It does not take much to create an excellent GUI experience, either, though a GeForce 8400 GS may seem like overkill to some. But when you can buy them so inexpensively?:

http://www.newegg.com/Product/Product.aspx?Item=N82E16814500161

$12 after rebate shipped anywhere within the 48 contiguous US states, passively cooled, low profile capable, DX10 and OpenGL 3.3 compliant, with VGA and dual-link DVI-I and HDMI ports, and 43 GFLOPs of double-precision shader power at just 40W TDP. Even without the rebate, it is still less than $40 to ship it just about anywhere within 5 business days.

With an example like this, why is anyone still arguing the point?

Gavin said...

PV - "I understand the need for OpenOffice.org for college students, but I would think that AbiWord and Gnumeric are usually workable for high school requirements, right?"

Wrong. I went through high school in the second half of the 1990s, and saw the introduction of Microsoft Office requirements. As a freshman, I had teachers that accepted hand-written papers as long as the edges were smooth. As a senior, nearly all my teachers required computer printed papers, and some of them required specific combinations of margins and spacing that could only be done with a program like MS Word. My younger brother, several years behind me, had even more stringent requirements.
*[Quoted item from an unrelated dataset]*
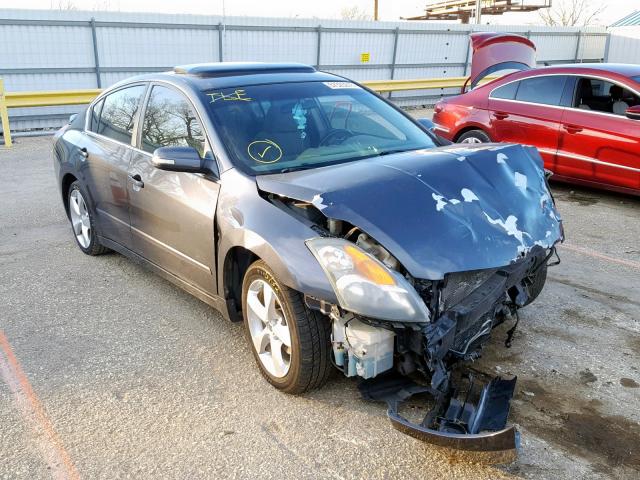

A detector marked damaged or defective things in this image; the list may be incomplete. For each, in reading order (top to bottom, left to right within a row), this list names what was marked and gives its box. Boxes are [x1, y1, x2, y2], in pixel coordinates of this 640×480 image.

damaged gray sedan [56, 62, 564, 454]
broken headlight assembly [304, 237, 430, 322]
blue paint transfer on damage [258, 142, 564, 280]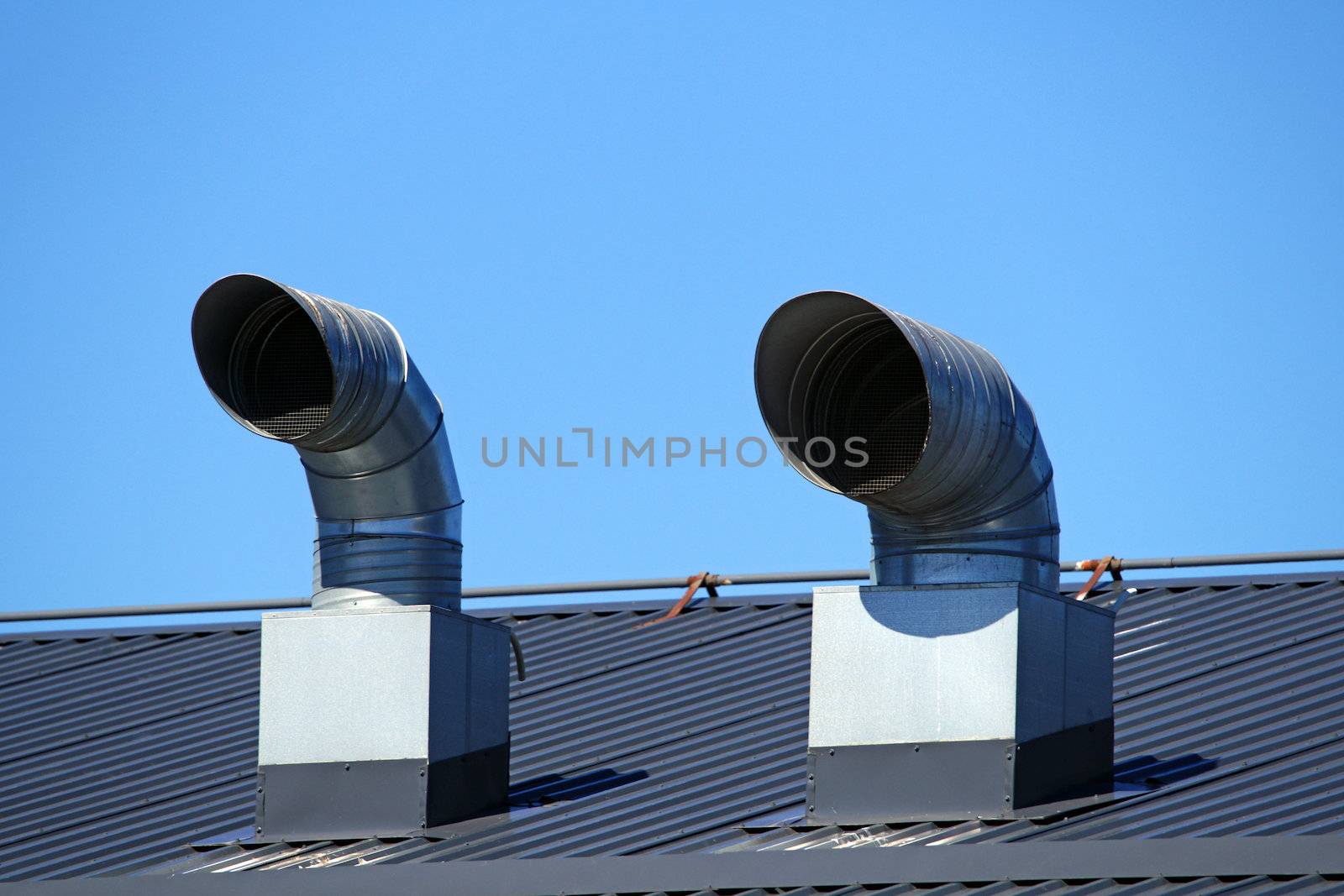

Many of his teachers required that students email their papers specifically in MS Office formats, no exceptions, or they would not receive a grade at all. No paper hand-ins, no MS Works or Wordpad documents, no open format documents - nothing else was accepted. In fact, in his junior year, the family computer broke down (guess who had to fix it?) and my brother had to bike to school an hour early for a week in order to finish a paper in the school library computer lab. Now consider the fact that my brother graduated from high school before MS Office 2007 was released and you will have an idea of how much further this has likely gone.

Obviously assignment requirements are at the discretion of the teacher, but there are no laws against this sort of thing as long as the school provides a way to complete the assignment as required. While I think there should be laws against this sort of thing, and while I believe Ken would agree with me, lobbying for policy change is beyond the scope of Ken's project and should be considered a separate issue. Ken is doing what he can within the requirements of the schools, as screwed up as those are, because he is trying to help his kids. Giving them the free GNU/Linux system with OOo is already enough of a work-around without introducing even more compromises.

Gavin said...

Rawler - "Resource-waste, especially RAM, is IMHO a clear sign of sloppy development, and it seems developers is getting sloppier all the time."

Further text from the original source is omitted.